If we were to try to reimplement the somewhat more powerful scheme
that was (almost) implemented before, and to fix it, doesn't your
example demonstrate that we simply need to ``yyunlex'' the lookahead
when we find an error, and pretend the current lookahead is error?  It
seems to answer this scenario.  But maybe it's too naive.

Then, you also reported:

> Ah!
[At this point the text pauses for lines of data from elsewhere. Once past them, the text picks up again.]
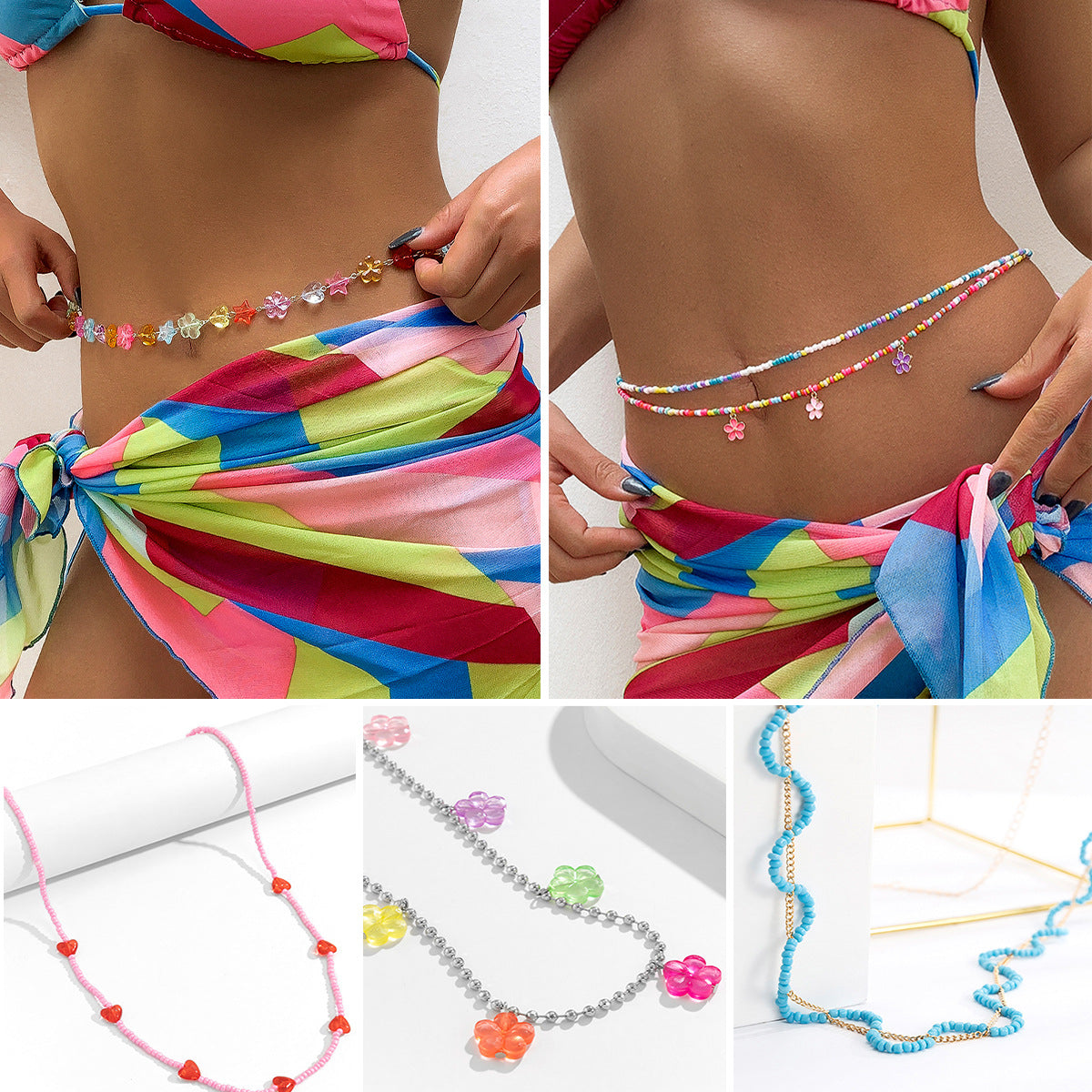 Minimalist Ethnic Heart Acrylic Woven Tassel Body Chain for Women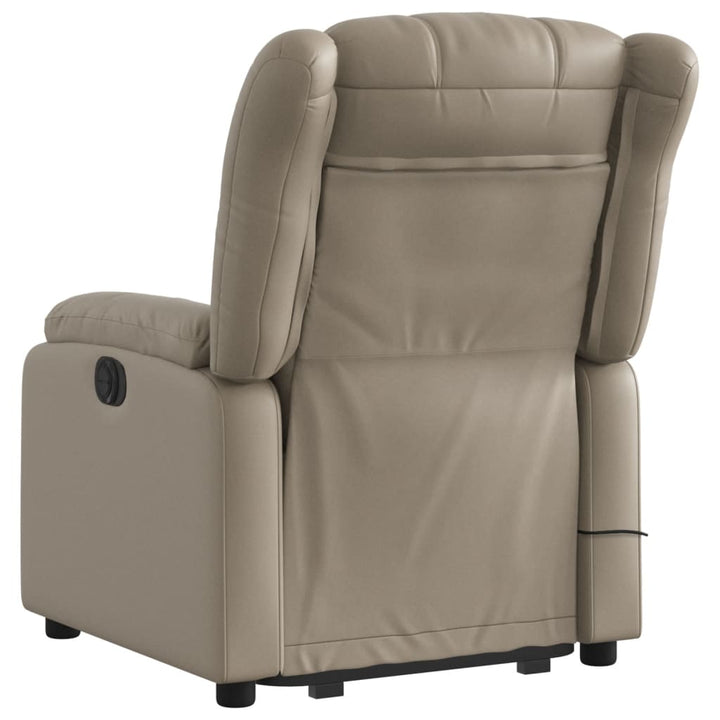 løftestol med massagefunktion kunstlæder cappuccino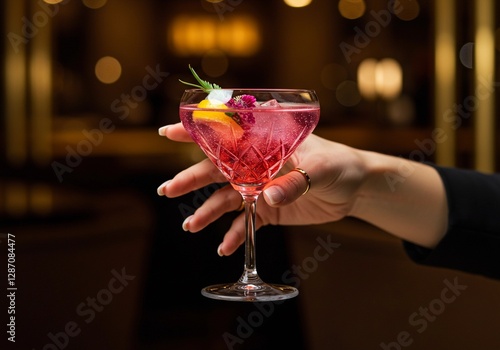 Female holding a cocktail in a restaurant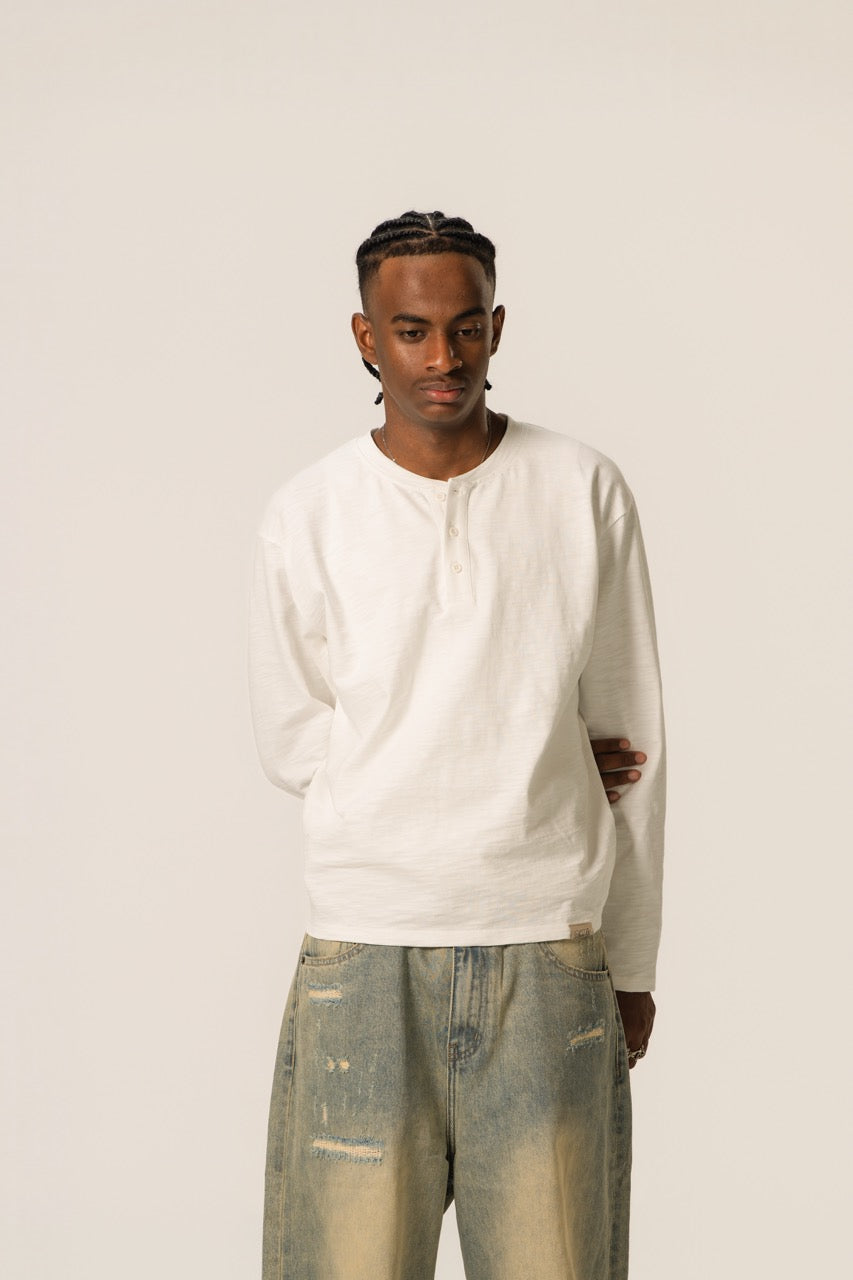 Slub Henley Sweatshirt - White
Now I see what problem the yyerrdefault code-suppression was
> trying to fix.  So now I can amend my comment to say that I think a 
> different fix might be indicated.  
> 
> Here's the issue.  If our erroneous configuration is
> 
>     Parse Stack:  s1  s2 ... sk ... sn  <-top   Lookahead: X
> 
> we pop back to sk, and if the indicated action is "reduce", we take
> the reduction and proceed normally.  Now, if that reduction is a
> non-defaulted reduction (again, I don't mean default ACTION, but
> default reduction, mediated by yydefact), we are guaranteed that X can
> eventually be shifted.  If, however, the default reduction was used
> because X is an erroneous symbol in state sk, then we will eventually
> return to the error-recovery code, throw away X *and then continue to
> pop the stack*, turning mere "panic-mode" into "full-fledged
> rout-mode".  

This analysis seems to suggest the same fix.